Come sostenere l’Intifada
Piccoli nuclei di lavoratori e di giovani "no-global" stanno cercando di superare l’impotenza in cui, durante l’operazione "Scudo difensivo", sono rimaste paralizzate in Europa le iniziative di solidarietà con il popolo palestinese. Con questa preoccupazione, hanno lanciato nelle scorse settimane una campagna per il boicottaggio delle imprese italiane ed europee che fanno affari con Israele e per la sospensione del trattato di associazione d’Israele con l’Ue.
Con tale iniziativa si comincia -finalmente!- ad alzare il sipario su una realtà finora rimasta in ombra: Israele è legato da solidi legami economici e militari con l’Occidente. Il che è una prova, aggiungiamo noi, del fatto che lo stato d’Israele non è una cellula impazzita dello scacchiere internazionale. È uno dei tentacoli con cui l’ordine internazionale dell’euro-dollaro cerca di schiacciare la resistenza delle masse lavoratrici arabo-islamiche (e, su un altro piano, dei proletari occidentali). La politica di Sharon-Peres è parte integrante dell’enduring war. Non la si può fermare, se non se ne blocca il centro di comando. Che è qui.
Una simile consapevolezza comincia a farsi strada nelle manifestazioni contro la nuova aggressione militare all’Iraq che si stanno svolgendo in Occidente. Il 28 settembre, mentre in tutto il Medioriente si manifestava per l’anniversario dell’Intifada, anche in Occidente la solidarietà con il popolo palestinese e quella con il popolo iracheno si sono date la mano in alcune importanti iniziative: le manifestazioni di Marsiglia, Londra, Washington e Roma. Nelle quali ha fatto capolino anche la percezione che quanto accade in Medioriente è il risvolto esterno di quello che i governi occidentali stanno facendo contro i "propri" lavoratori. E che il sostegno alla resistenza delle masse lavoratrici mediorientali non è cosa diversa dalla lotta di difesa, qui in Europa o negli Usa, contro l’attacco al proletariato o contro l’aggressione agli immigrati.

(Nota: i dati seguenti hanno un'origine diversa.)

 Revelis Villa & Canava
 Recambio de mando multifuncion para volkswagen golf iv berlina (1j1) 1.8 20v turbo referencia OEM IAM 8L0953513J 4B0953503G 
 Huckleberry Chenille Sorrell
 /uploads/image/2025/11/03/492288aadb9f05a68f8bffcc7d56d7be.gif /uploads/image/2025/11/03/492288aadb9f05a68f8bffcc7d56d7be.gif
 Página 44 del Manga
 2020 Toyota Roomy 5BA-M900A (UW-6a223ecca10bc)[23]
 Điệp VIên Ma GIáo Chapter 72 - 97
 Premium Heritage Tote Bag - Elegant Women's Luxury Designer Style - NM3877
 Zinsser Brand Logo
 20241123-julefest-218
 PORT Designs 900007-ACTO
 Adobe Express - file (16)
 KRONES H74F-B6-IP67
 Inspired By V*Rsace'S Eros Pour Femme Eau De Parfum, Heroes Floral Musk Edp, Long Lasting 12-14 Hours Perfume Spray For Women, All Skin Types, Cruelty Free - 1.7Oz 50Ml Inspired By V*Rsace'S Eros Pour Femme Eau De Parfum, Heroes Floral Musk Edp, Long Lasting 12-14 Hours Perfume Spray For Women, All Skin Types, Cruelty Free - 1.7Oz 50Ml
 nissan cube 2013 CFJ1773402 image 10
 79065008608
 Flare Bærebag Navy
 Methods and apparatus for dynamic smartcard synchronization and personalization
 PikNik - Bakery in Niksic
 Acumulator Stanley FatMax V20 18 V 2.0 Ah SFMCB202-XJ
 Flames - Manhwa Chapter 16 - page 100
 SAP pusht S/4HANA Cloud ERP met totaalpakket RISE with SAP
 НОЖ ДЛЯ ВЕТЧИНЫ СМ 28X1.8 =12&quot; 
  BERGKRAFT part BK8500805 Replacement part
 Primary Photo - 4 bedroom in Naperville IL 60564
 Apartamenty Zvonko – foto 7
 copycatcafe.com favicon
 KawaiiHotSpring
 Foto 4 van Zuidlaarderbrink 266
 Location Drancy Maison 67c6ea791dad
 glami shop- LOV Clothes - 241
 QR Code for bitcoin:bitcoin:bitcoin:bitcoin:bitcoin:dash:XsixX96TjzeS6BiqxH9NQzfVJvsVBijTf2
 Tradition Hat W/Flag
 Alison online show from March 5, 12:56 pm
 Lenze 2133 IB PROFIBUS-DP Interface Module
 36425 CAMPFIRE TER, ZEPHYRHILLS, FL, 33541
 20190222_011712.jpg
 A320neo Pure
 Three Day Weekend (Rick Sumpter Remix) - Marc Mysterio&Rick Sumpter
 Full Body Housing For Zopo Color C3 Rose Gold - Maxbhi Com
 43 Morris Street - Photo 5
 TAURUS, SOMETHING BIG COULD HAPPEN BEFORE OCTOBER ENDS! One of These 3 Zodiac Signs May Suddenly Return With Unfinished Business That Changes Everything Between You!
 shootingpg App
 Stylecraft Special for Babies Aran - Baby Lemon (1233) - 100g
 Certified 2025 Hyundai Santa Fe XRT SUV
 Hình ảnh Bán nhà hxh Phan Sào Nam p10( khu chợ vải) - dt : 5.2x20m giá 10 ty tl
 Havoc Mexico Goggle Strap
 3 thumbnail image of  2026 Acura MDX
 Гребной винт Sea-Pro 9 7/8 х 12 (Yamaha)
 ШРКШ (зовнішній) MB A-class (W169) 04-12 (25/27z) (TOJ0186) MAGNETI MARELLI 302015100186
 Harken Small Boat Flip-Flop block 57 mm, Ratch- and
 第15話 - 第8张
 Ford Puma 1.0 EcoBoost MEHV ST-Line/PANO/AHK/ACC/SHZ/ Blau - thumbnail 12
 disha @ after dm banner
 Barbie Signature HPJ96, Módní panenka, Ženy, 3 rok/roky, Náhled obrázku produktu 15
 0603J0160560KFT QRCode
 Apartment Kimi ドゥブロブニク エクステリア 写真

È necessario che questa percezione venga trasmessa alla massa dei proletari occidentali e arrivi ad animare gli appuntamenti di lotta dell’autunno, come motiviamo negli articoli sull’Iraq. In questa nota di aggiornamento sulla Palestina vogliamo concentrare l’attenzione su un elemento che rischia di inceppare e rendere di nuovo impotente l’iniziativa degli "amici europei" dei palestinesi: la loro strisciante presa di distanza dall’Intifada quando essa si ritrova dietro le bandiere islamiche e quando si avvale delle azioni dei "kamikaze".
Certo, essere solidali con il popolo palestinese vuol dire anche mettere il becco sul modo in cui la loro lotta (che poi è la lotta degli sfruttati di tutto il mondo) è portata avanti. E quindi anche sulla questione delle forme della lotta armata, tanto più che essa è dall’estate al centro della discussione politica nelle formazioni palestinesi. Ma non la si può affrontare separandola dal resto. E senza partire da alcuni dati di fatto, interni alla Palestina e relativi al corso internazionale della lotta di classe.